- _EXERCISE AIM_
Reproduce exactly, and only, the lines below from the one containing "Domain One Apartment" through the one containing "Used 2024 Honda HR-V Sport image 14".

- _GIVEN ENTRIES_
[Start of section]

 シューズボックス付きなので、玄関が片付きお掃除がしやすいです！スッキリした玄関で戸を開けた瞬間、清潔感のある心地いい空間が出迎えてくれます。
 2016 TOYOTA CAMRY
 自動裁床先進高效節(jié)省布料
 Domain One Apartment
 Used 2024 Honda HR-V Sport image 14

[End of section]
[Start of section]

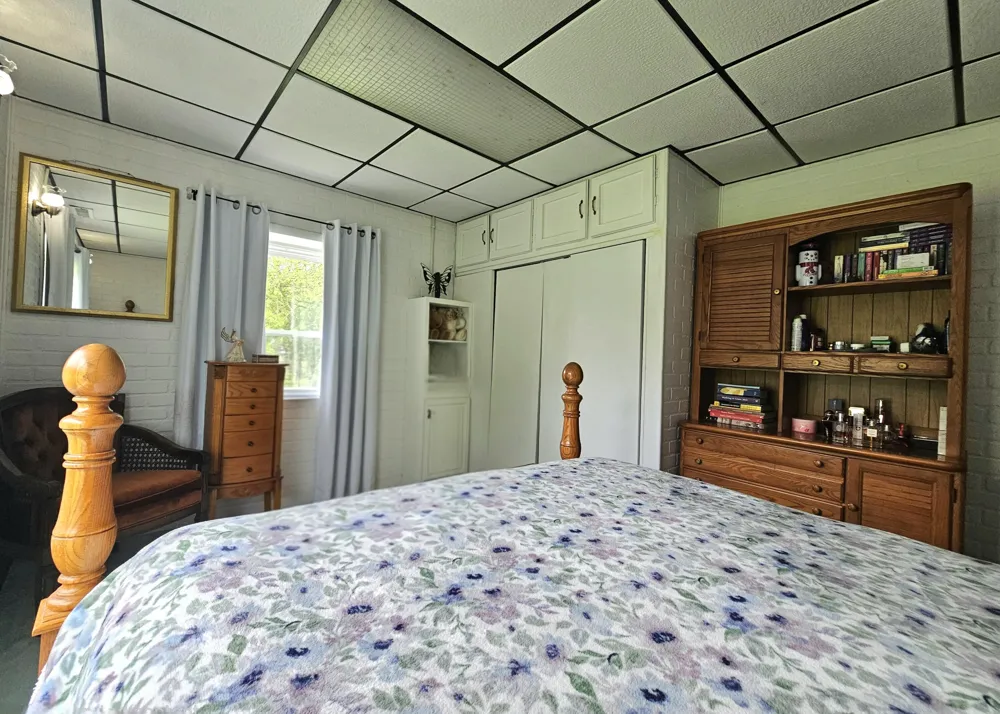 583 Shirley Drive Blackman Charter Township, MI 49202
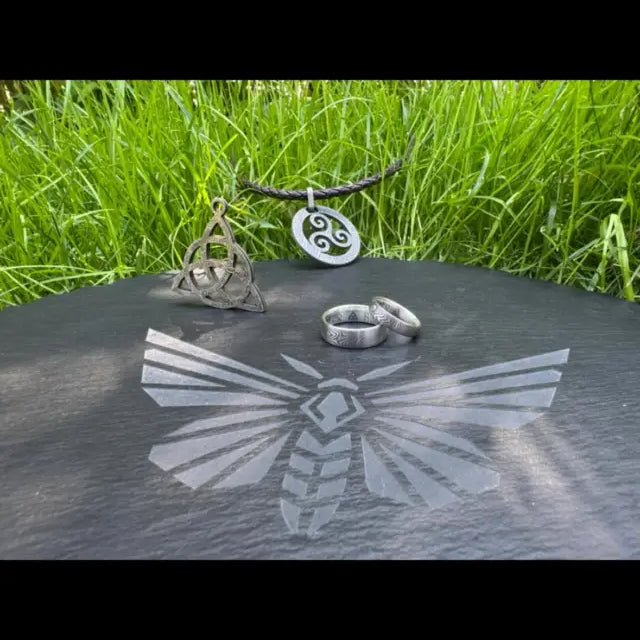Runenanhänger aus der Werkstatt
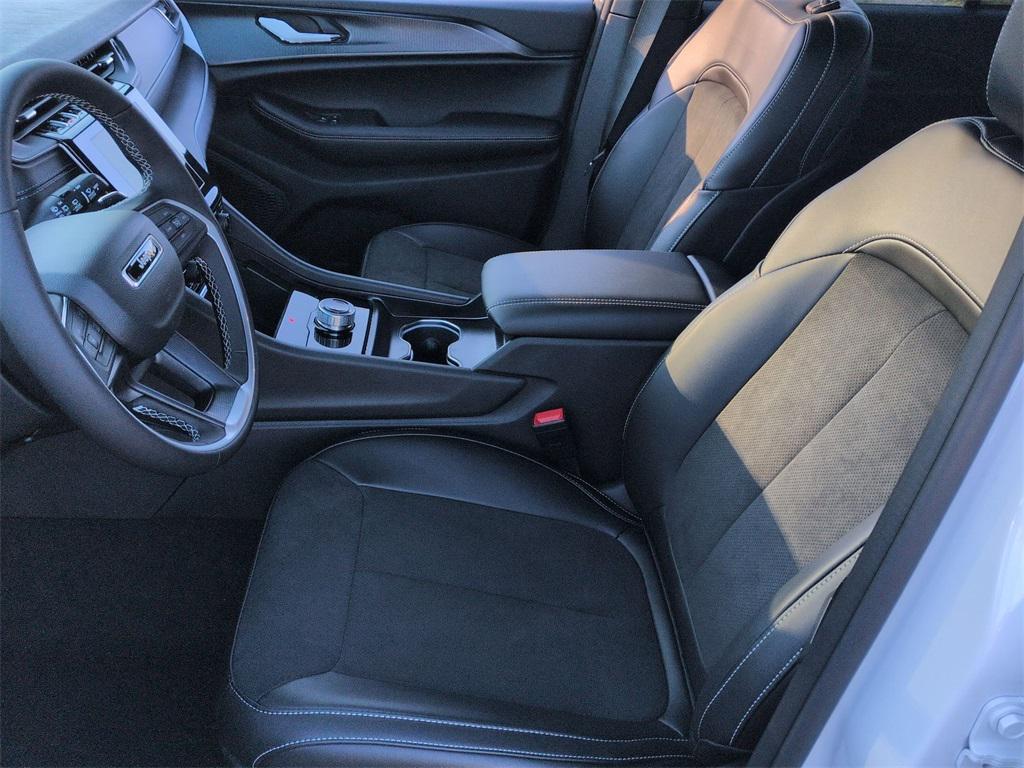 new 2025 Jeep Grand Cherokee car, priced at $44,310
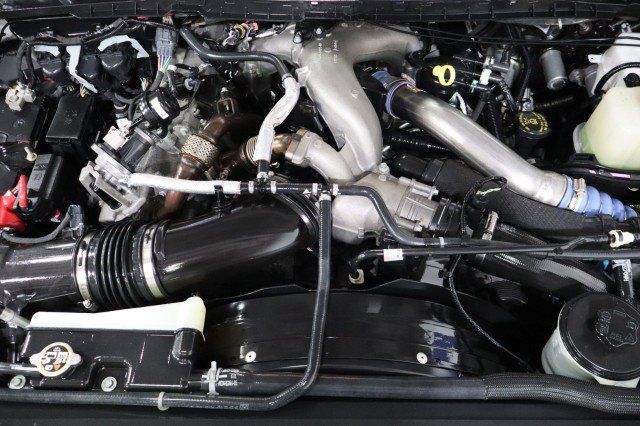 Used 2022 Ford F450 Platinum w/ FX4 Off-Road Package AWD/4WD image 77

[End of section]

- _EXPECTED OUTPUT_
 Domain One Apartment
 Used 2024 Honda HR-V Sport image 14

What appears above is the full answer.